**Data excerpt**
§ §

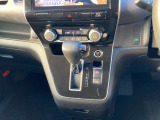 インパネにシフトレバーが付いてて操作もし易いです!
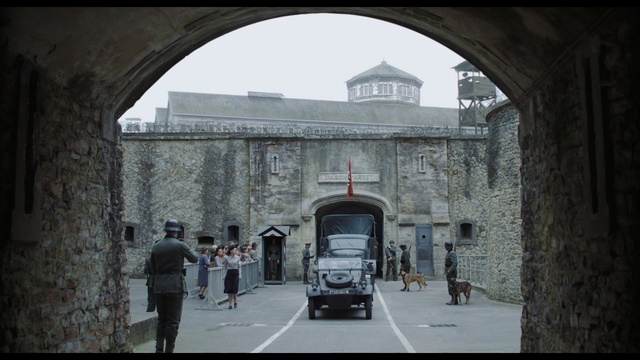 Video Reference: vault, architecture, roof, building, protective covering, old, church, ancient, city, arch, Person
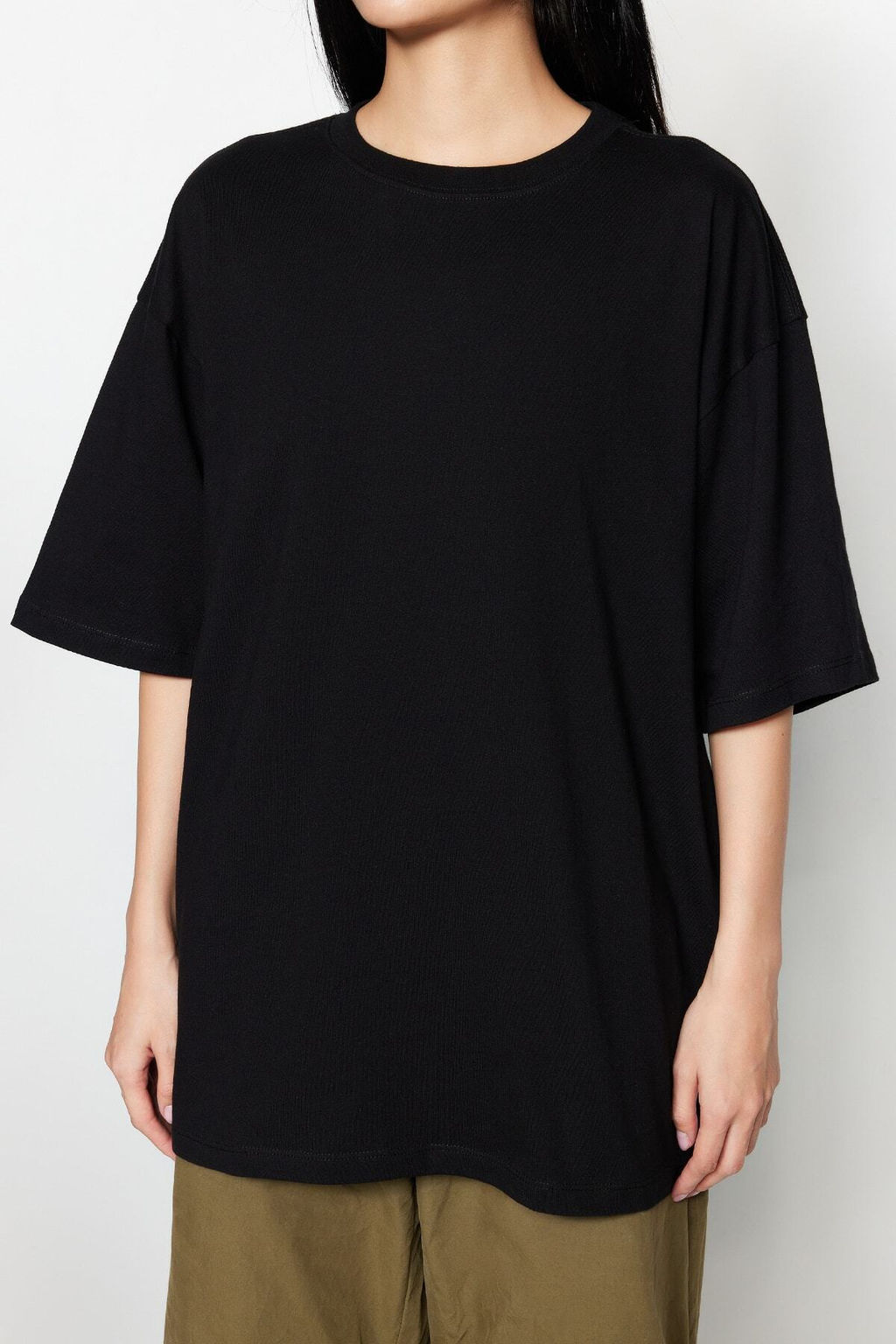 Siyah %100 Kal?n Pamuklu Premium Oversize/Genis Kal?p Bisiklet Yaka Orme T-Shirt TWOSS23TS00040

§ §

**Task requirements**
The whole listing above is to be printed again exactly; pictures stay out of it.

**Completed task**
 インパネにシフトレバーが付いてて操作もし易いです!
 Video Reference: vault, architecture, roof, building, protective covering, old, church, ancient, city, arch, Person
 Siyah %100 Kal?n Pamuklu Premium Oversize/Genis Kal?p Bisiklet Yaka Orme T-Shirt TWOSS23TS00040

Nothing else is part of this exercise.